Some participants highlighted the self-inflicted nature of the isolation – “stigma related to a physical or mental health conditions, or change in the socio-economic condition can lead to many people making a choice to isolate themselves so that they won’t be labelled …”
This also raised for me the question of how we build relationships and develop friendships. It has always seemed a mystery to me about that intangible thing which enables us to be friends with someone but not to the same extent with someone else. How do we enable people to take the risk of trying to make connections but not to feel personally rejected if it doesn’t work out on that occasion, so they feel unable to try again?
How can we encourage people to take the risk, have the impetus to reach out as well? How and when do we instil the confidence? I am sure that our genes have a great impact but nurture, education and the opportunities to make connections must play a role. But the connections need to have a purpose which gives meaning to the individual – like interests, learning – not just a space to go. In ‘Insights for a Better way’ it emphasized all the factors in a community development approach but also stated that “changing ourselves is better than demanding change from others”. We must consider the importance of mutuality.

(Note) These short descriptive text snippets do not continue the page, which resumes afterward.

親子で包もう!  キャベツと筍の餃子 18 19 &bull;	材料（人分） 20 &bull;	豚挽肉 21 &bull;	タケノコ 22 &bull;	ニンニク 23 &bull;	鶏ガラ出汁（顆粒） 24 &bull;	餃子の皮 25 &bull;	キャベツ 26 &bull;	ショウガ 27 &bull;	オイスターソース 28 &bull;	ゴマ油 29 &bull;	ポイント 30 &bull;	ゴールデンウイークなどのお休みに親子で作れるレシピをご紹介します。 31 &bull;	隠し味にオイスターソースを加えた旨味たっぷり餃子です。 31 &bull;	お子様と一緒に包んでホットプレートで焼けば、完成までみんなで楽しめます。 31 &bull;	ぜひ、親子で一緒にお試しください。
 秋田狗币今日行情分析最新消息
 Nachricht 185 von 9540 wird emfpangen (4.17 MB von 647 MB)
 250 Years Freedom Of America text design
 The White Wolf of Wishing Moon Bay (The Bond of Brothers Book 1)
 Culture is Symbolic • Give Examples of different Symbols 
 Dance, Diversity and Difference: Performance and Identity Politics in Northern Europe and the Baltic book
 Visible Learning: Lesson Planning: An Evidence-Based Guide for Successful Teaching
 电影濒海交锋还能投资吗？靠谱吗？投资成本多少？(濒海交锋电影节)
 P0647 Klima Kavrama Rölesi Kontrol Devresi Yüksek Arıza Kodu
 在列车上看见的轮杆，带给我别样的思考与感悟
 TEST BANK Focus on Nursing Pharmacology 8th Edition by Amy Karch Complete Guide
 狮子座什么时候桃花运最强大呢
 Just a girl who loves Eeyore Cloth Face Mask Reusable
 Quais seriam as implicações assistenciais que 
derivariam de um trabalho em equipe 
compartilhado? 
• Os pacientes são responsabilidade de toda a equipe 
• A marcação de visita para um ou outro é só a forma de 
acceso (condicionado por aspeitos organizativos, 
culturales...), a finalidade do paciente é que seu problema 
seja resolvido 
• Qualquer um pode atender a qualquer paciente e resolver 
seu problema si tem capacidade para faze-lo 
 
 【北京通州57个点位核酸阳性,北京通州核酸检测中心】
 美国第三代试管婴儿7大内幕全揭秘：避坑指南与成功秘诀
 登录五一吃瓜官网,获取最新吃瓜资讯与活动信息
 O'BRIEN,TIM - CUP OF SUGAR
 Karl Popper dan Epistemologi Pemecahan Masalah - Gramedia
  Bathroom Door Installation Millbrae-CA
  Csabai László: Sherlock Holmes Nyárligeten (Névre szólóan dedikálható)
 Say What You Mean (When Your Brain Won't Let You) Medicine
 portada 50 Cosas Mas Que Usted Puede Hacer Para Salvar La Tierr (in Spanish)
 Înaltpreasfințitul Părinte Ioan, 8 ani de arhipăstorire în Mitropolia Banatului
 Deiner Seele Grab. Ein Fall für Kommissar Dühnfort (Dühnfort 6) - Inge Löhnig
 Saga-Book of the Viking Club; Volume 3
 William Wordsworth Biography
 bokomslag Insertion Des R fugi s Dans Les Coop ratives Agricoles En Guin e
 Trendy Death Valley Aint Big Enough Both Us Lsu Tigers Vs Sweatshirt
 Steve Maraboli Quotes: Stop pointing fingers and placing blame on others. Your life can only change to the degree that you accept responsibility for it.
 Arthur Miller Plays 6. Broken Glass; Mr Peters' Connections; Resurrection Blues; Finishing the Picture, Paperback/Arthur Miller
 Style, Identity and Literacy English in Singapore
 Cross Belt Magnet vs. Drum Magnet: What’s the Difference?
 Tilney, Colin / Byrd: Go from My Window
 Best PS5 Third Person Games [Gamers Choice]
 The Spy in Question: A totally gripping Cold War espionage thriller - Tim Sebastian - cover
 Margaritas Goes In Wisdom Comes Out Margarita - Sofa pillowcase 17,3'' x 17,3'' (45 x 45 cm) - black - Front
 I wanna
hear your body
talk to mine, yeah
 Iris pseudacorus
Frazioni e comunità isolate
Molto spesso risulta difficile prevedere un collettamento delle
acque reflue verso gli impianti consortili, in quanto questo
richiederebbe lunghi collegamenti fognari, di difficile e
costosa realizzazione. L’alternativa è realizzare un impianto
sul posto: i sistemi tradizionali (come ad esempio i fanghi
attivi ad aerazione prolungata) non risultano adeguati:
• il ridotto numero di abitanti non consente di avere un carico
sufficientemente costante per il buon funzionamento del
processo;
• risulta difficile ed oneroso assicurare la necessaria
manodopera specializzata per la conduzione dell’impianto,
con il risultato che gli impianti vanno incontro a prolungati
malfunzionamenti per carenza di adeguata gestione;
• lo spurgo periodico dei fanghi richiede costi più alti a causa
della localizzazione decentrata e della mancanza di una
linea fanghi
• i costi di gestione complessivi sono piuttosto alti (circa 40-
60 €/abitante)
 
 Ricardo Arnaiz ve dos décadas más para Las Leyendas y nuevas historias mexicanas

What contributes to our spiritual well-being whatever our circumstances or diminishments? Being able to enjoy the outdoor world, being part of something bigger than ourselves. Being able to enjoy music, singing and being creative. But fundamentally relationships are important to sustain us through life. Our families and being fortunate in sustaining supportive relationships. But friends are so vital to our well-being. Aelred of Rievaulx wrote “that friendship is in fact indispensable to the abundant life” and Cicero considered friendship as “but how happy, how carefree, how joyful you are if you have a friend with whom you may talk as freely as with yourself to whom you neither fear to confess any fault nor …. hesitate to entrust your secrets”. Such friendship incorporates trust, so it is possible for a friend to have the strength to say to you ‘don’t do that, it is not good for you.’
Our spiritual well-being is undermined if we experience loneliness and isolation so throughout our lives we need to develop and understand what gives our lives meaning and purpose; we need to share our stories. Our faith communities can hold the stories of those who worship but also much more widely if there is encouragement to share. We can listen more – both in a structured way but also as individuals. We can be welcoming and ensure that individuals are enabled and encouraged to participate.